Isn’t it enough if the software works well?
Definitely not! I’ll explain why you should want to know which programming techniques, programming language and tools we use, and what we do to optimally structure the code and document everything.
I understand your initial reaction might be:
“Spare me all the technical details, please!”
But I can guarantee that if that’s the way you view things, it’ll cost you a lot of money. Continue reading to learn why.
The size of the project
The size of the project definitely plays an important role in the developmental stage. In small, straightforward projects, any additional costs are manageable if, for example, it turns out certain things have to be rebuilt. Whereas this is often not the case for bigger projects: we’ve seen cases where the project had already taken up a few hundred hours and then had to be scrapped and redone due to mistakes made in the early stages.
There are lots of different programming languages. Our advice? Stay away from all the ‘exotic’ (barely used) languages, because if your programmers happen to be unable to continue on, finding a replacement will be difficult. And who guarantees that an exotic programming language even has a future? That it will be continually improved, and secured?
Moreover, all programming languages have pros and cons and not every language is right for every project: let someone you can trust, who has experience and whose main priority is to help you, advise you.
Topulus has partnered up with PHP (for smaller projects) and .NET (for medium sized and larger projects).
Structuring and documenting
Programmers are expected to apply optimal structure to their programming code and to document their process well.
The manner in which programmers apply structure is of great influence on the quality of the eventual code and with that the maintainability and extensibility in the future. Perhaps you wouldn’t expect this, but programmers are constantly tempted to start working sloppily, by quickly editing something or forgetting to document the process. This saves time, after all – and doesn’t affect the functionality of the project works. But if the code turns out to be filled with lots of little small changes, it can cause all sorts of trouble.
That’s why there are tools and techniques that more or less force the programmer to work in a structured manner. More about this later.
But why is the structure in the code so important? If the code is unstructured, of which the informal name is a ‘spaghetti code’, working on it in the future will get very complicated, and sometimes even impossible. Say you want to repair a bug in the software, various unexpected and illogical dependencies might reveal themselves and negatively affect your logical edits elsewhere in the code. In other words: several things will go wrong, in several places. Then you’ll have to figure out how to fix it, by making edits with potential new unexpected results.
One rule and indicator of programming well is that should a second programmer take a look at your code, they are able to seamlessly continue where you left off.
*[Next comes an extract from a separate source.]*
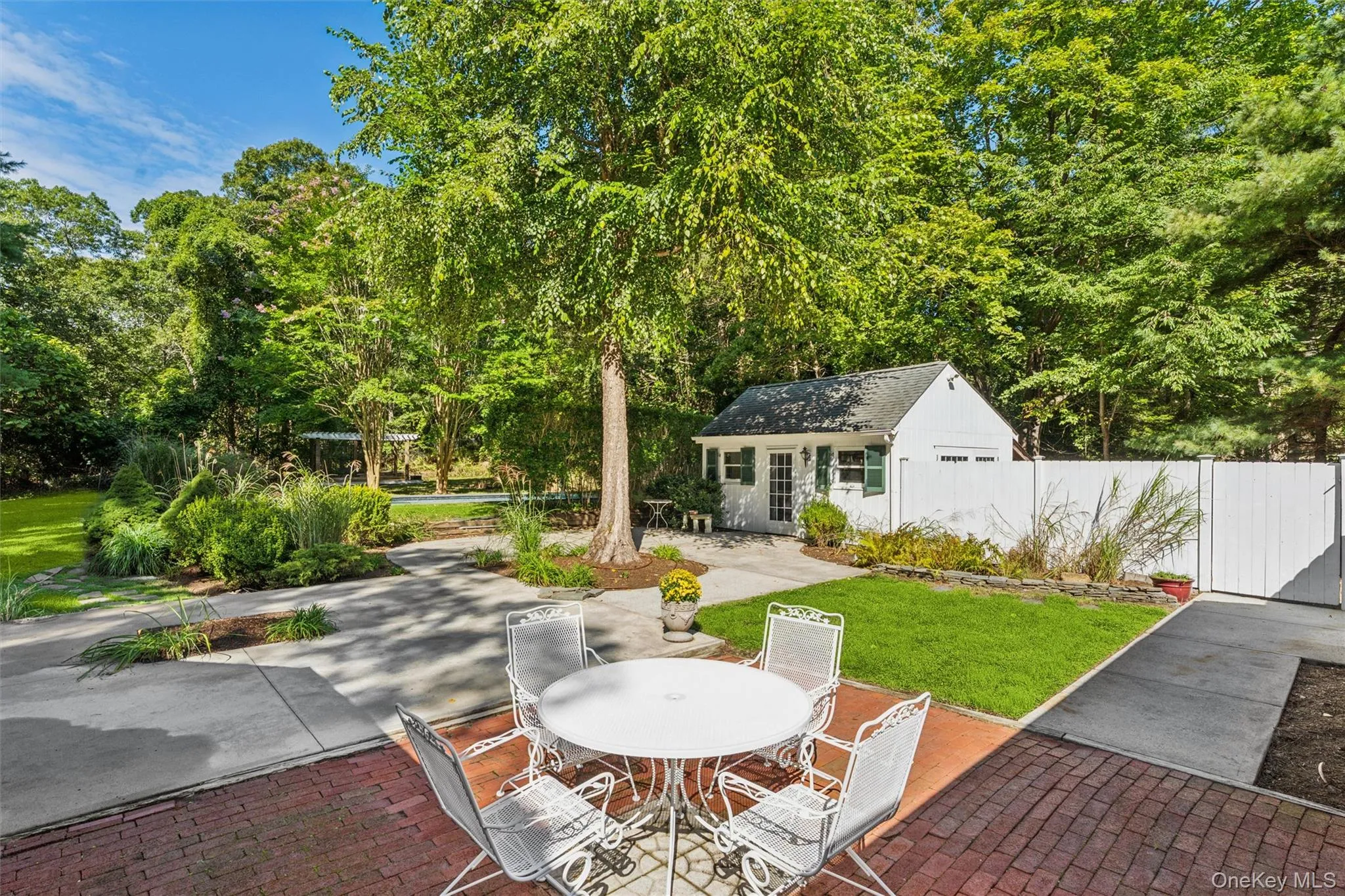Expansive backyard featuring a brick patio, concrete pathways, a detached outbuilding with a garage door and white entry door, and a white privacy fence Expansive backyard featuring a brick patio, concrete pathways, a detached outbuilding with a garage door and white entry door, and a white privacy fence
That guarantees that your product has a future.
Why would you want to continue with your code in the future?
Well, that’s necessary to ensure security, for example, but also to fix mistakes or build in extra functionality.
Building software is a continuous process, where you regularly need to maintain and change the code.
And that’s where structuring comes in, because if everything is structured well, maintenance will be a lot easier and programmers will be able to work as efficiently as possible.
Example: Recently we’ve taken over management of software, which several programmers had worked on over the years. The software worked fine; all users were happy with it. But when we made some adjustments, we discovered that certain elements that were normally defined in one logical place in the code, sometimes appeared in 6 or 7 different places. Although our adjustments might’ve slightly improved a few things, it also had unwanted and unexpected consequences in many other places. And we had to check and repair all of those consequences. But every repair also presented this exact same problem, so it was a hopeless task. At the end of the day, everything can be solved, but in situations like this it costs an incredible amount of time. And the code has no ‘future’, because if you really want to make big changes, the cheapest solution is to start over. And in projects that have already taken several hundred hours, you are talking about serious divestments. That is exactly what we decided for this project: we have completely restarted and have thrown away a 500-hour project. And that wouldn’t have been necessary if this project had been set up right from the start.
In the interest of
We’re very aware of the risks we’ve described in this blog. When it comes to the decisions we make and our transparency on our website concerning those decisions, we believe we work according to one set interest: the interest of the customer.